Replace manual install.sh-driven deployment with a GitHub Actions pipeline that ships every merged main commit to ECS with health-gated auto-rollback and zero open inbound ports.

Constraints

ECS sits in Chengdu behind GFW; no overseas SSH ingress is acceptable as a long-term surface.
ECS can reach ghcr.io (verified: 1.6s HTTP response).
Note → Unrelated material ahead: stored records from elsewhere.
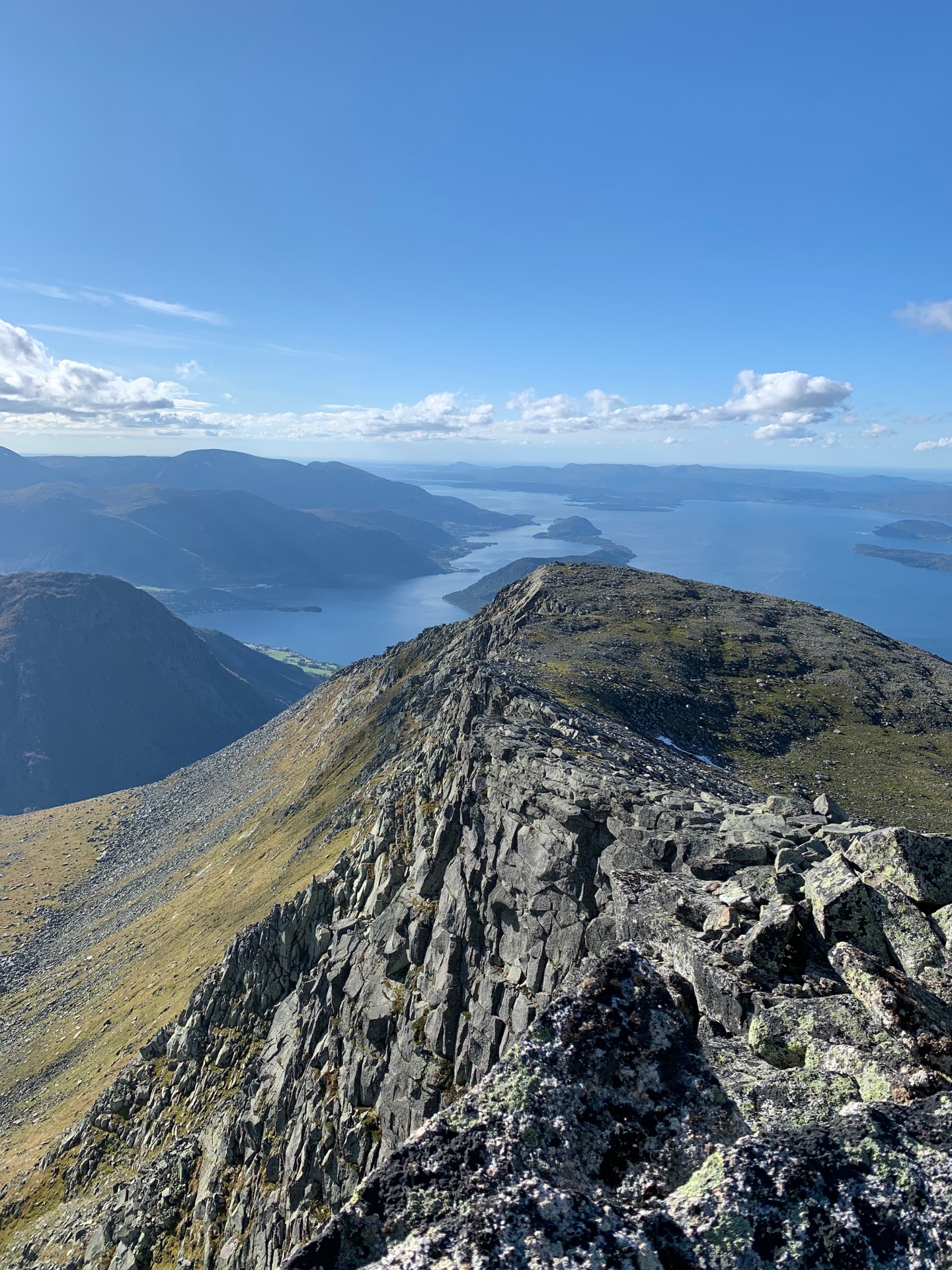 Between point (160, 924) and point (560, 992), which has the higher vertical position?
point (560, 992)

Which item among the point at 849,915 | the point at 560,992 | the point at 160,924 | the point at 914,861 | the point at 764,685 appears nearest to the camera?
the point at 560,992

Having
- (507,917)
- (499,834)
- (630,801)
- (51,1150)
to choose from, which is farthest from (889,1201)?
(51,1150)

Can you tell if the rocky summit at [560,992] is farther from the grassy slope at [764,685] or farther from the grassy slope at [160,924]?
the grassy slope at [160,924]

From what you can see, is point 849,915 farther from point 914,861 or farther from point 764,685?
point 764,685

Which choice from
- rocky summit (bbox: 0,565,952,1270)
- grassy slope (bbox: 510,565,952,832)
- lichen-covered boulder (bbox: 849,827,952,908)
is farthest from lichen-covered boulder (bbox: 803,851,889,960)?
grassy slope (bbox: 510,565,952,832)

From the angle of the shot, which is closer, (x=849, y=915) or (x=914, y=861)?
(x=849, y=915)

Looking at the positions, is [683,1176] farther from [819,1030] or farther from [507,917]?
[507,917]

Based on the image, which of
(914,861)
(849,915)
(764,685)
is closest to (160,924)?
(764,685)

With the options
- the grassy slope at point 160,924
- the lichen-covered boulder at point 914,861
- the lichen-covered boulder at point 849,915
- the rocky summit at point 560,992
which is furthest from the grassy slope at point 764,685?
the lichen-covered boulder at point 849,915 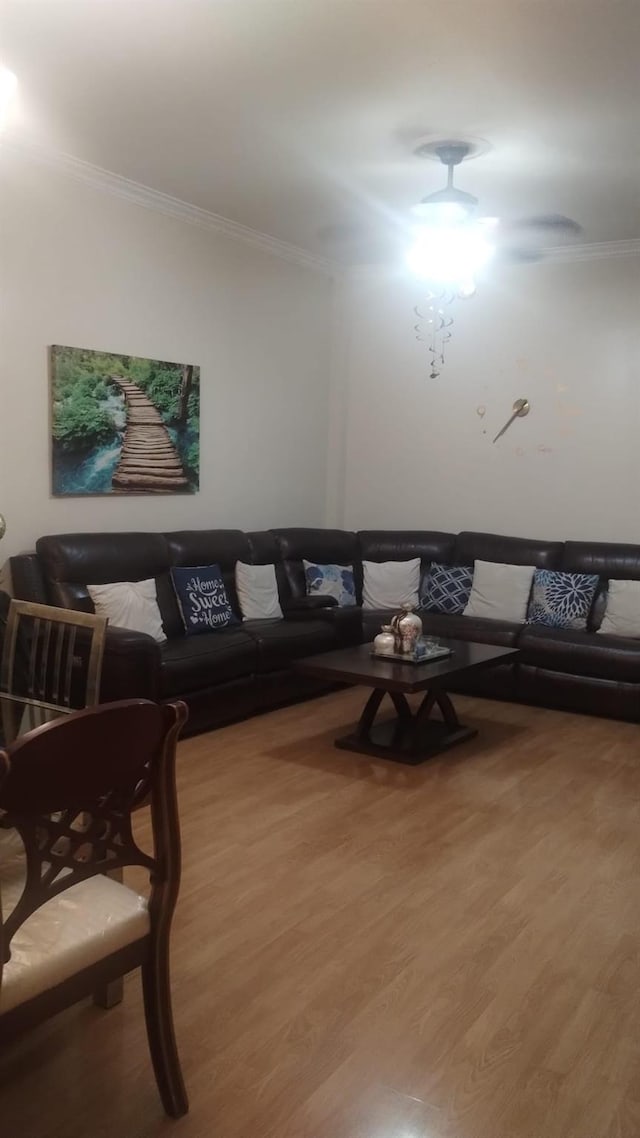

No Aliyun ACR mirror required at this stage.
Existing docker-build.yml already pushes tags latest, main, sha-<7> on push to main.
Existing cloudflared tunnel twilight-backend already terminates api.fsagent.cc on the box.
Paid users hit api.fsagent.cc; broken deploys must self-heal without operator intervention.

Architecture

push main
  │
  ├──► docker-build.yml (existing)
  │       build → push ghcr.io tags: latest, main, sha-<7>
  │
  └──► deploy-ecs.yml (NEW, workflow_run after docker-build success)
         1. install cloudflared on runner
         2. auth Cloudflare Access via service token
         3. ssh deploy@ssh-ecs.fsagent.cc (via cloudflared access ssh)
            → runs /opt/twilight/deploy.sh sha-<7>
                a. flock to serialize deploys
                b. validate tag against regex
                c. snapshot current IMAGE_TAG → PREV
                d. write new IMAGE_TAG to .env
                e. docker compose pull && up -d
                f. poll /healthz for 60s (30 × 2s)
                g. success → prune old images >7d
                h. fail → restore PREV, up -d, exit 1

The compose.yml references image: ghcr.io/lacatfly/twilight-drive:${IMAGE_TAG:-latest}. Tag pinning via .env makes rollback an env-flip plus up -d, not a registry hunt.

Components

New

Path	Purpose
`.github/workflows/deploy-ecs.yml`	`workflow_run` trigger off Docker build success; SSHes via cloudflared and runs `deploy.sh`
`deploy/ecs-deploy.sh`	ECS-side deploy script: lock, snapshot, swap tag, pull, up, healthcheck, rollback
`deploy/cloudflared-ssh.yml.template`	Ingress block to merge into existing tunnel config: `ssh-ecs.fsagent.cc → ssh://localhost:22`

Modified

Path	Change
`deploy/compose.yml`	`image:` uses `${IMAGE_TAG:-latest}` interpolation
`deploy/env.example`	Adds `IMAGE_TAG=latest` line

Cloudflare Access (one-time manual)

Add hostname ssh-ecs.fsagent.cc to tunnel ingress: ssh://localhost:22.
Create Access application gated to service-token policy only (no IdP, no user logins).
Generate one service token; record CF-Access-Client-Id and CF-Access-Client-Secret.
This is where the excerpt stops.